Jokowi on Tuesday hosted a halal-bihalal (post-Ramadhan gathering) for leaders of major pro-government parties, in which they discussed plans to stitch together a “grand alliance” to back election frontrunners Ganjar Pranowo and Prabowo Subianto as a pair, according to a close ally of the President.
The guest list for Tuesday’s event included Indonesian Democratic Party of Struggle (PDI-P) chairwoman Megawati Soekarnoputri, Gerindra Party chairman Prabowo Subianto, Golkar Party chairman Airlangga Hartarto, National Awakening Party (PKB) chairman Muhaimin Iskandar, United Development Party (PPP) acting chairman M. Mardiono and National Mandate Party (PAN) chairman Zulkifli Hasan.
NasDem Party chief Surya Paloh, who has forged an electoral alliance with the opposition Democratic Party and Prosperous Justice Party (PKS) to back Anies, was conspicuously absent during the event. Several party members confirmed on Tuesday that Surya was still in Singapore and was not invited to the event.

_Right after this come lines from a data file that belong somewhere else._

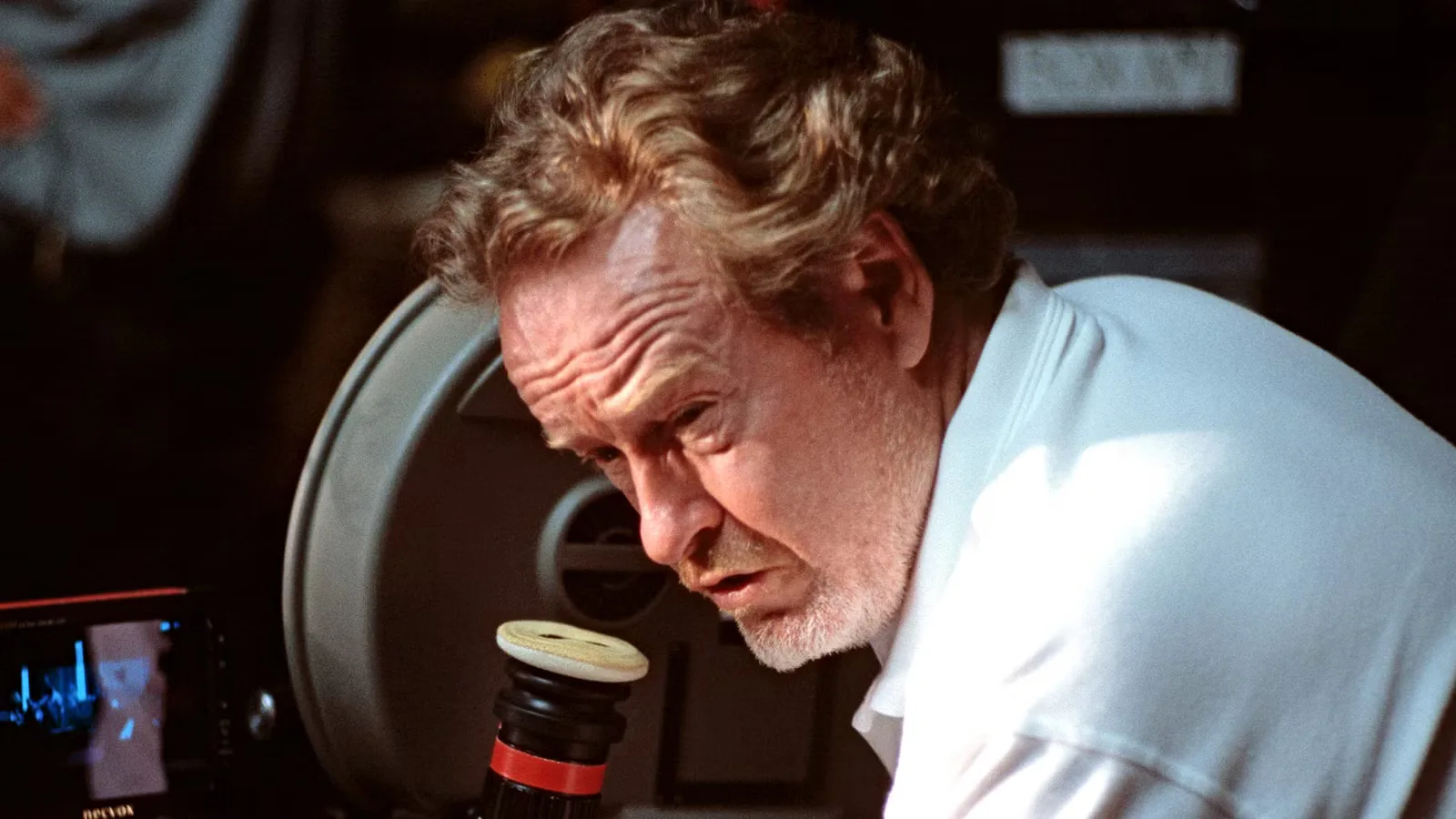 Ridley Scott’s 131-Minute Horror Sequel Is Officially Leaving Streaming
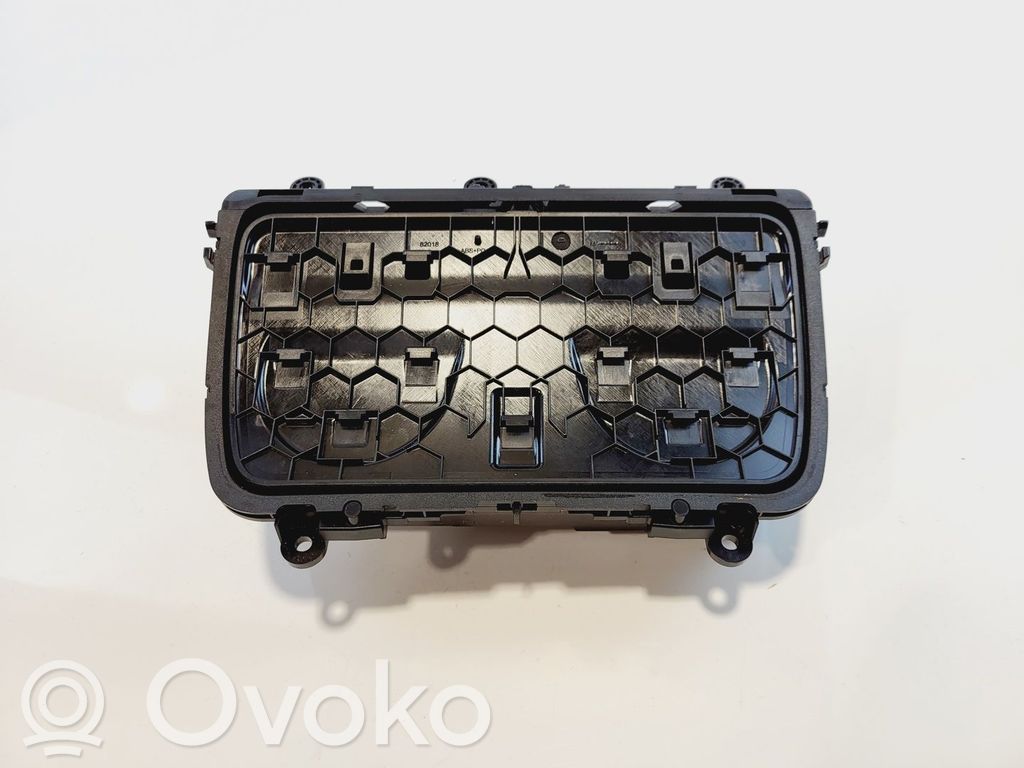 BMW 5 F10 F11 Portabicchiere anteriore 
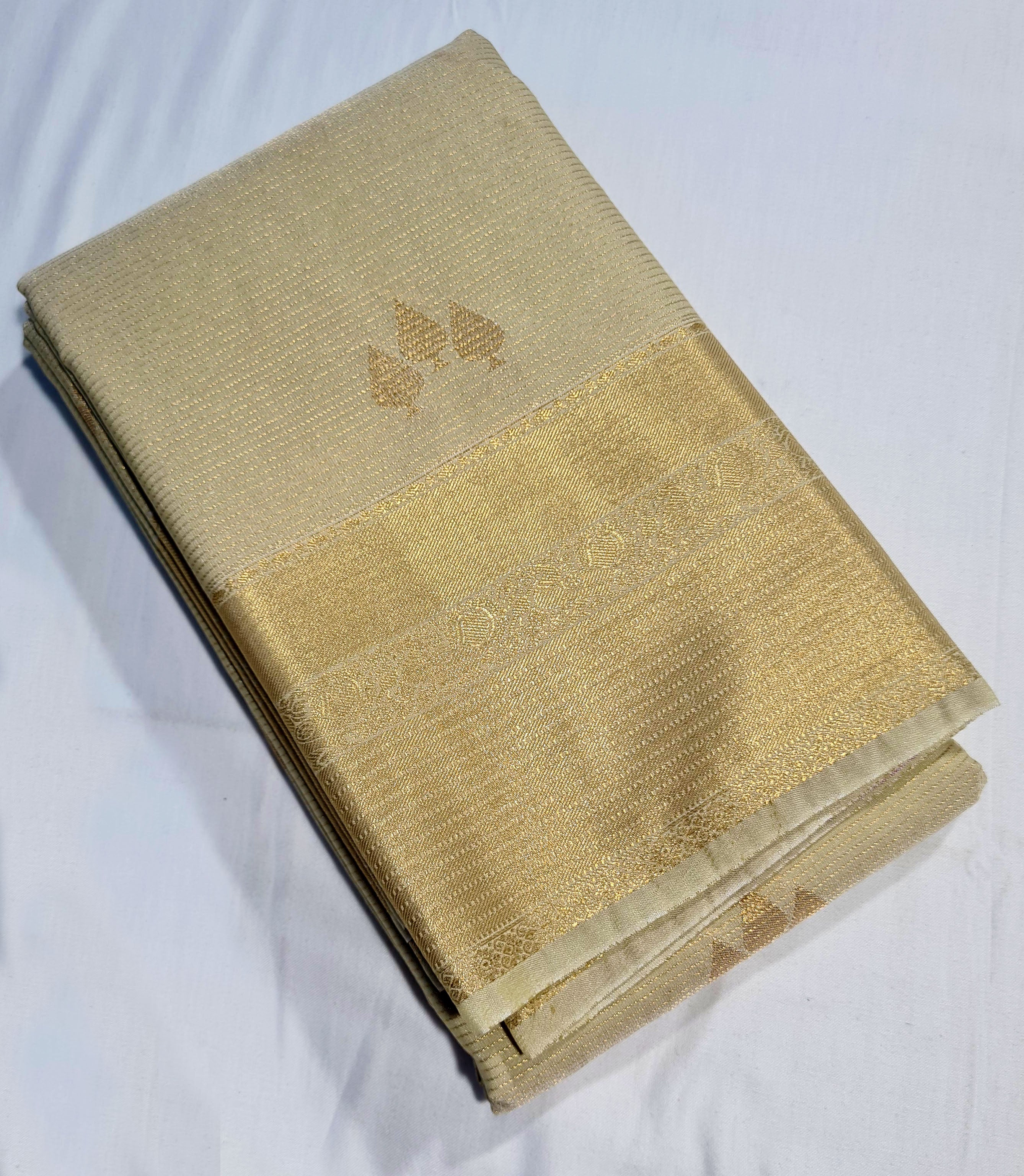 Kanchipuram Soft Silk Sarees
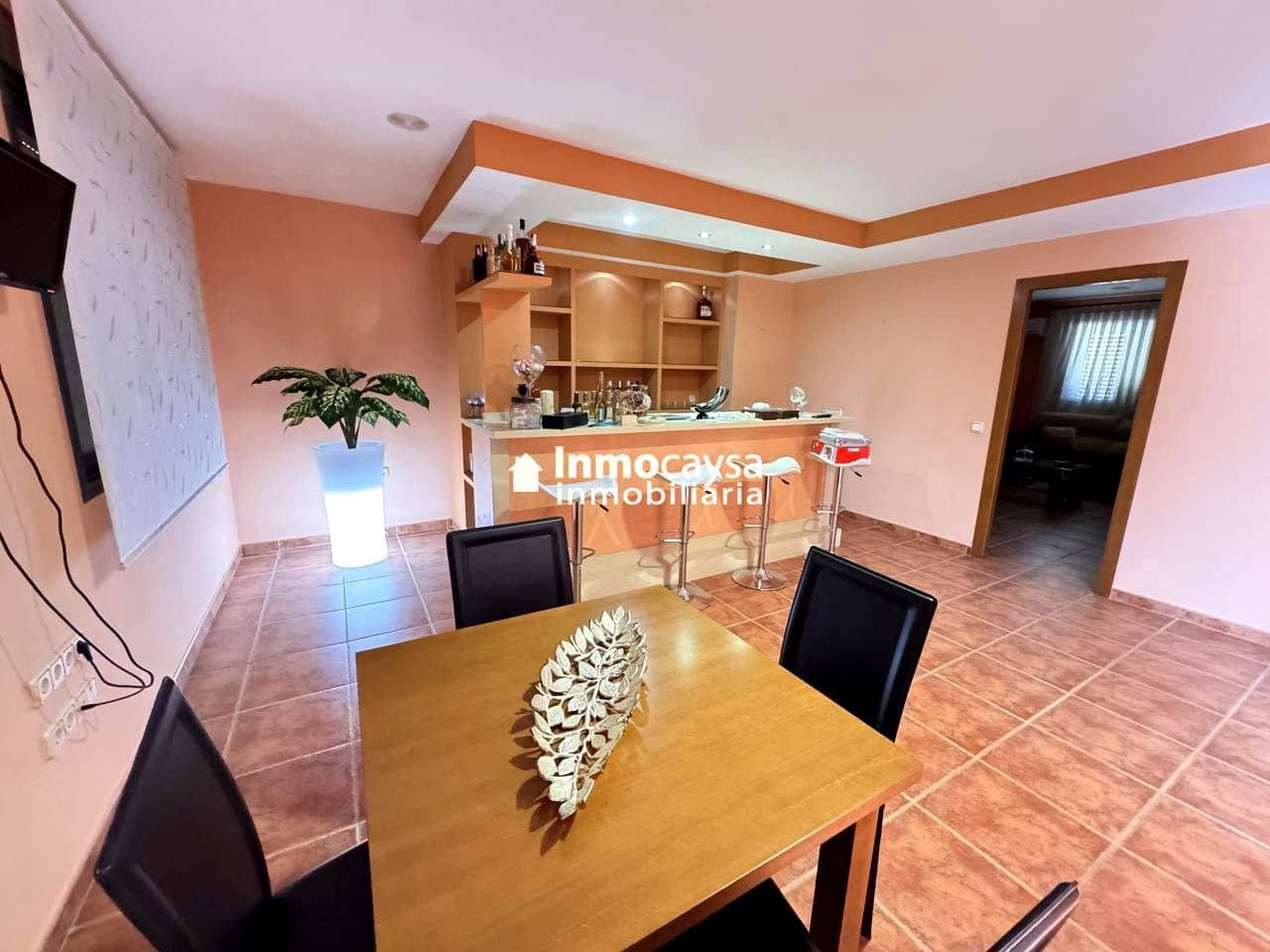 5 bedroom Townhouse for sale in Novele / Novetle with pool - € 385,000 (Ref: 9453297)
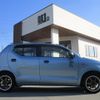 suzuki alto 2017 quick_quick_DBA-HA36S_HA36S-367899 image 4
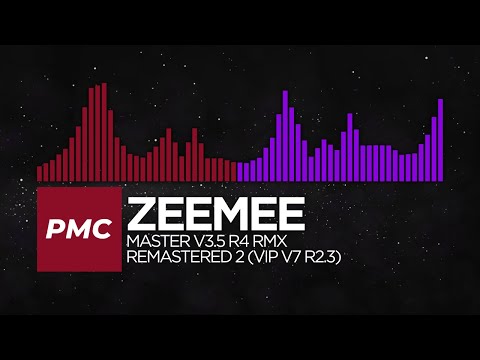 Video thumbnail for master v3.5 r4 rmx remastered 2 (vip v7 r2.3)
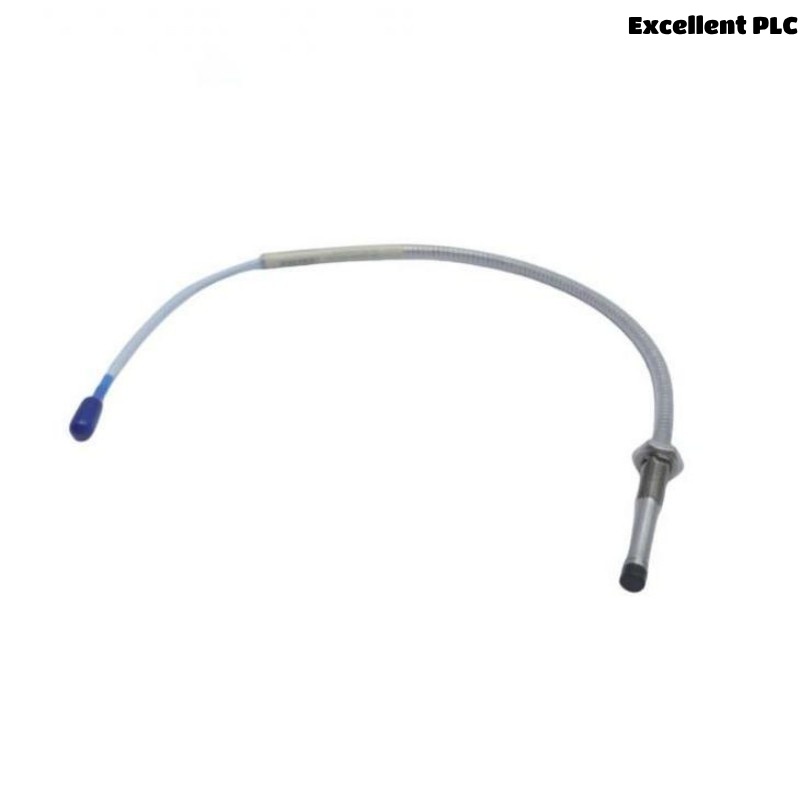 Bently Nevada 330104-00-07-10-01-CN 3300 XL 8 mm Proximity Probe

“The meeting is intended to realize the proposed ‘grand alliance’ with the formation of Ganjar-Prabowo being the presidential and vice-presidential candidates,” senior PPP politician Muhammad “Romy” Romahurmuziy said in a statement.
This arrangement, he said, was based on the fact both Ganjar and Prabowo had topped public opinion polls and that the slot for the presidency was more suited to the winner of the 2019 legislative elections, while the runner-up party should fill the vice-presidential slot.
“Of course, this will be up to Prabowo, whether he is willing to become the vice-presidential candidate despite a party mandate for him to run for president,” said Romy.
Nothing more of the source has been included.